SOURCE MATERIAL:

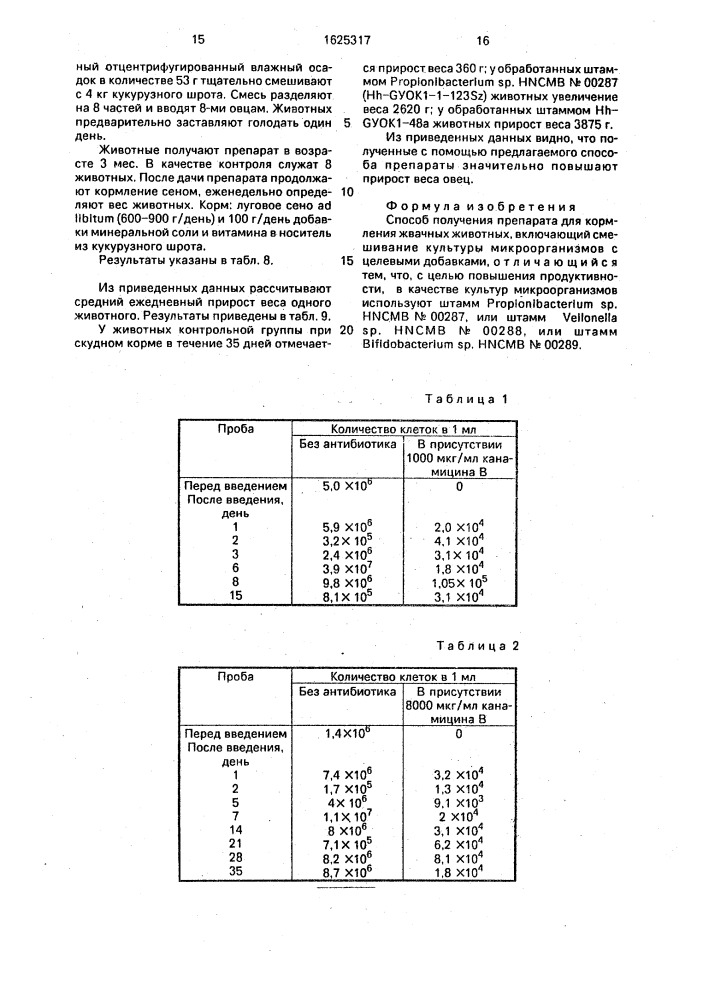 Способ получения препарата для кормления жвачных животных (патент 1625317)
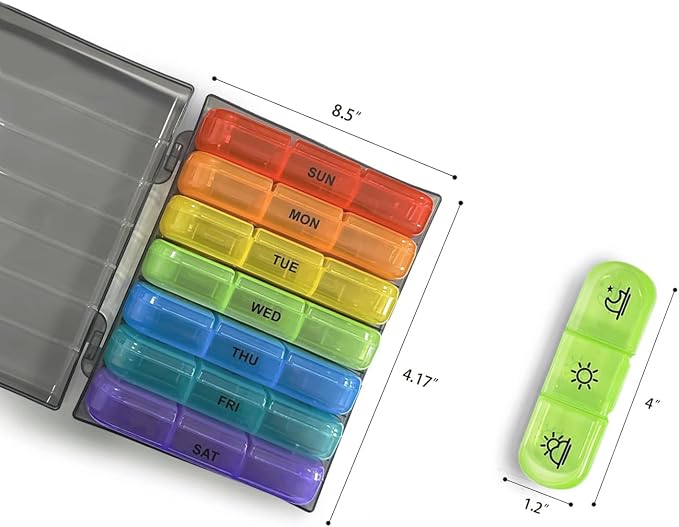 Pill Organizer Case Large Capacity, Dual Protection Pill Box 7 Day | 3 Times a Day, Daily Travel 21 Compartment Medicine Dispenser Weekly Planner for Vitamin, Medication, Fish Oil, Supplements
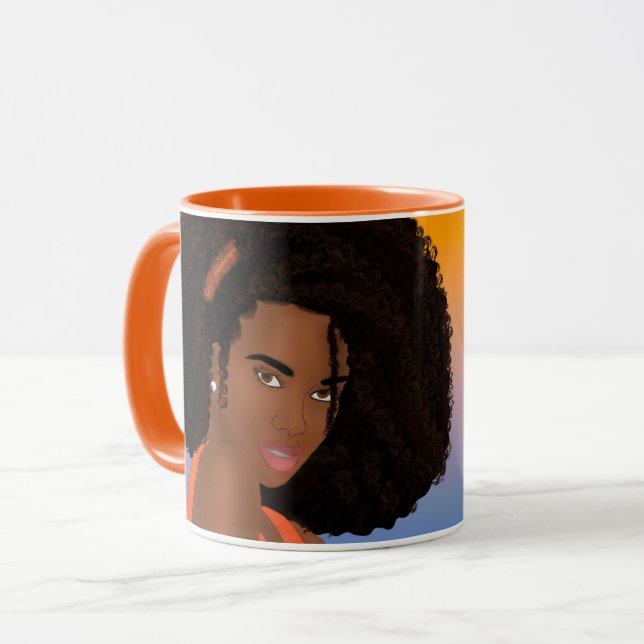 Mug Beauté baisée de soleil avec poème (Devant gauche)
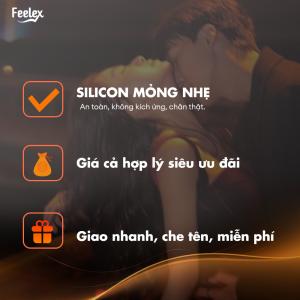 Bao cao su gân gai Feelex 2in1 nhiều Gel – Hộp 10 cái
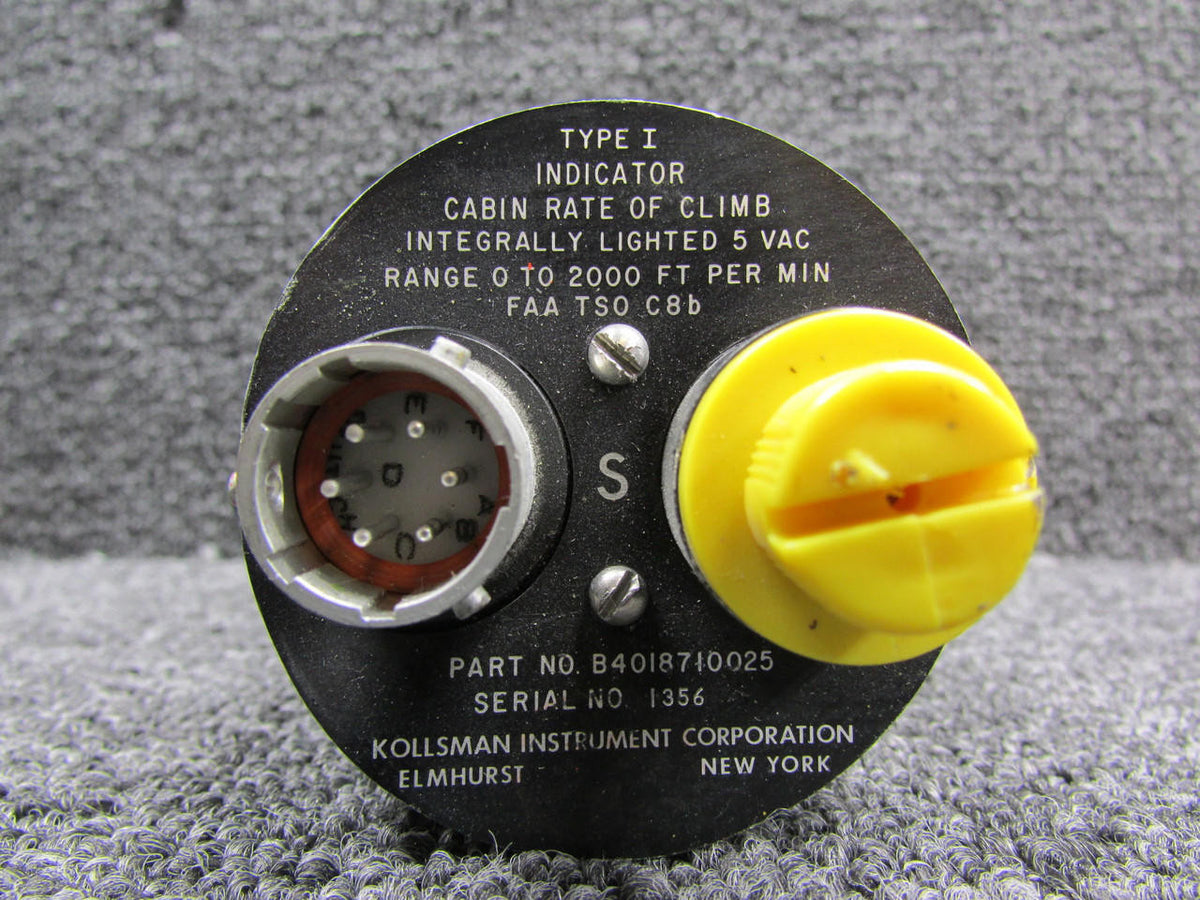kollsman B4018710025 Kollsman Cabin Rate of Climb Indicator (Type 1) (Worn Face Paint)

YOUR GOAL: Every record above must be given again exactly; drop the pictures.

FINAL ANSWER:
 Способ получения препарата для кормления жвачных животных (патент 1625317)
 Pill Organizer Case Large Capacity, Dual Protection Pill Box 7 Day | 3 Times a Day, Daily Travel 21 Compartment Medicine Dispenser Weekly Planner for Vitamin, Medication, Fish Oil, Supplements
 Mug Beauté baisée de soleil avec poème (Devant gauche)
 Bao cao su gân gai Feelex 2in1 nhiều Gel – Hộp 10 cái
kollsman B4018710025 Kollsman Cabin Rate of Climb Indicator (Type 1) (Worn Face Paint)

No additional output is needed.